3.07 Nursing Care after a Precipitate Delivery

a. Assist the mother into a comfortable position with her legs extended.

b. Provide a clean surface under the patient’s buttocks.

c. Check uterine fundus every 10 to 15 minutes during the first hour to assure contraction of myometrium and normal lochial flow.

(1) Gently massage the uterus if the fundus is soft or boggy.

(2) Avoid overstimulation as myometrium will fatigue and result in severe atony.

d. Assess the amount of blood loss from the delivery. Normally, blood loss is less than 500 cc. Save all evidence of blood loss.

e. Assess for intactness of the placenta.

f. Provide for comfort and warmth of both patients. Promote fluids in the mother as tolerated.

g.

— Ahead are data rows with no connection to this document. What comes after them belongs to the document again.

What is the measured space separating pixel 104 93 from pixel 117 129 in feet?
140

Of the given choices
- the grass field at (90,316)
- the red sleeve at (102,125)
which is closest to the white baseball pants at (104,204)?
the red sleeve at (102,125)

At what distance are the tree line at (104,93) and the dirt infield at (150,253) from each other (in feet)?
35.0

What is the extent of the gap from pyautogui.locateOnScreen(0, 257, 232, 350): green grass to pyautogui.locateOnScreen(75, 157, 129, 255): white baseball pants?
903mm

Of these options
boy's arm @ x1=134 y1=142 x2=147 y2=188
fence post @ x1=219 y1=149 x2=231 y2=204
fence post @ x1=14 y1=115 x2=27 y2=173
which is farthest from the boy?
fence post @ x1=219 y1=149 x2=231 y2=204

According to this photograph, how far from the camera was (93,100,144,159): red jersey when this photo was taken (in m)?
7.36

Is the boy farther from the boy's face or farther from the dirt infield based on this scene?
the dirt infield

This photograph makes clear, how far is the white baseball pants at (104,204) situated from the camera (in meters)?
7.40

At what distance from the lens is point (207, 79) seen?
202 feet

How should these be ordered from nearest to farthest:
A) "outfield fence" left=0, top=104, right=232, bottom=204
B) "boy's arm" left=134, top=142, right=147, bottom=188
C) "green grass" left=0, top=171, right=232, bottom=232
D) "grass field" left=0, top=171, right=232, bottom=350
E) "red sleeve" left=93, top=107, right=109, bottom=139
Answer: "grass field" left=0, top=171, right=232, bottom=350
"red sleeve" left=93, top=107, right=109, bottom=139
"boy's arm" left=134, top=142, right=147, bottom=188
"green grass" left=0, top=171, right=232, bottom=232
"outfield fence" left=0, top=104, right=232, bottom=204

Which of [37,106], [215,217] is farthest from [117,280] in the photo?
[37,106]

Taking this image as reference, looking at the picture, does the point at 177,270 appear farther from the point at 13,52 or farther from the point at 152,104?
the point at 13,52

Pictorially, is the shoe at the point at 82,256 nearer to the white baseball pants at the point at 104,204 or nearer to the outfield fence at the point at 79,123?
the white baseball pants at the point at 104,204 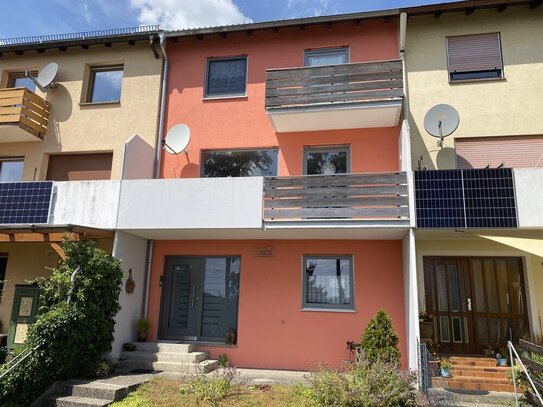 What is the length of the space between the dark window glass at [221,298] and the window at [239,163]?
3028 mm

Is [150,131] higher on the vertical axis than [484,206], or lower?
higher

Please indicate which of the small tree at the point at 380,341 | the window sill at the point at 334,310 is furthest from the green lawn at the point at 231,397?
the window sill at the point at 334,310

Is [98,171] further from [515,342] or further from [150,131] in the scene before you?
[515,342]

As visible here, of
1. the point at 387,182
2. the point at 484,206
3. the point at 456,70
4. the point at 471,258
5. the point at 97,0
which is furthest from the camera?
the point at 97,0

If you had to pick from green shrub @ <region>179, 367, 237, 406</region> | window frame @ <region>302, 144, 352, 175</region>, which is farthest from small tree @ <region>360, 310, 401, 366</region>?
window frame @ <region>302, 144, 352, 175</region>

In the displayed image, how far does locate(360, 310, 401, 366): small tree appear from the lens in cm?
1063

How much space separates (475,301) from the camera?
12.4 metres

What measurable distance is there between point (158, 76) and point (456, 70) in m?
10.6

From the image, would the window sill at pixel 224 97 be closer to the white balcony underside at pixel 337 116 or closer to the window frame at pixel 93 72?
the white balcony underside at pixel 337 116

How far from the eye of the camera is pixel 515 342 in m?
12.0

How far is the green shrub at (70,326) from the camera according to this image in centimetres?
944

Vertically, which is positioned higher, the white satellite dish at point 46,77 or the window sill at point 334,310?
the white satellite dish at point 46,77

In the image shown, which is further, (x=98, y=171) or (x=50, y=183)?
(x=98, y=171)

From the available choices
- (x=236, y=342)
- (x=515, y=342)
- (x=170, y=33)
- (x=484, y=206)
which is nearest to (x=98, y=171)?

Encourage the mother to void to prevent bladder distention.

h. Make notations about the birth to include:

(1) Fetal position and presentation.

(2) Presence of nuchal cord and method of reduction.

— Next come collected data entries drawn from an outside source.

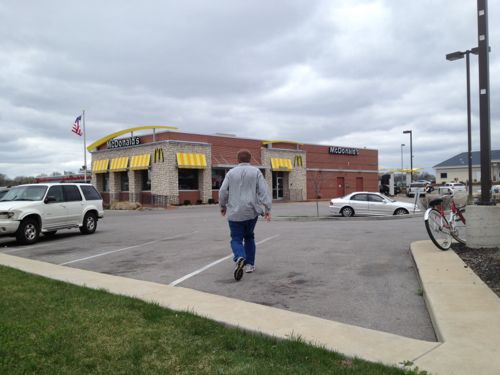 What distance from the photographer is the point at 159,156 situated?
3725cm

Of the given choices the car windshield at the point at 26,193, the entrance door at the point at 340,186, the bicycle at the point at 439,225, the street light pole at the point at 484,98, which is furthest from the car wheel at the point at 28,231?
the entrance door at the point at 340,186

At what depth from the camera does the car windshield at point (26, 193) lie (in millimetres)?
14094

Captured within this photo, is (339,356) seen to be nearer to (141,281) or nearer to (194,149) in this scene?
(141,281)

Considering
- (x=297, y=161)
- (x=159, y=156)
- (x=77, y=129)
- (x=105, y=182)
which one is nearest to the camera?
(x=159, y=156)

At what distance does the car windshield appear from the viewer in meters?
14.1

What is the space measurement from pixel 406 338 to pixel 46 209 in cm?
1239

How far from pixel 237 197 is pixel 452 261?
3851 mm

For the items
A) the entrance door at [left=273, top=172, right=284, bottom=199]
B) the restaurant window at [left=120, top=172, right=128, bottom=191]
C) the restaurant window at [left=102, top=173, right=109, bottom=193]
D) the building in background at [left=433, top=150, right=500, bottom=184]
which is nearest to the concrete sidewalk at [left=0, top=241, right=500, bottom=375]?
the restaurant window at [left=120, top=172, right=128, bottom=191]

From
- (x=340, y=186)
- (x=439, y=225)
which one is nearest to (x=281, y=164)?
(x=340, y=186)

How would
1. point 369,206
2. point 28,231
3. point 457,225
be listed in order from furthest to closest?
point 369,206 < point 28,231 < point 457,225

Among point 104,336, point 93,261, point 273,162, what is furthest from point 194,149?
point 104,336

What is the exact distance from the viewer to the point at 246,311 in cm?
524

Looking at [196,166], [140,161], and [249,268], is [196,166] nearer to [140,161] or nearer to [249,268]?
[140,161]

(3) Color, character, and amount of amniotic fluid.

(4) Time of delivery.

(5) Sex of infant.

(6) APGAR scores; need for stimulation or resuscitation.

(7) Approximate time of placental expulsion, appearance, and completeness.

(8) Maternal condition (affect, amount of bleeding, and status of uterine contraction).

(9) Any unusual occurrences during the delivery.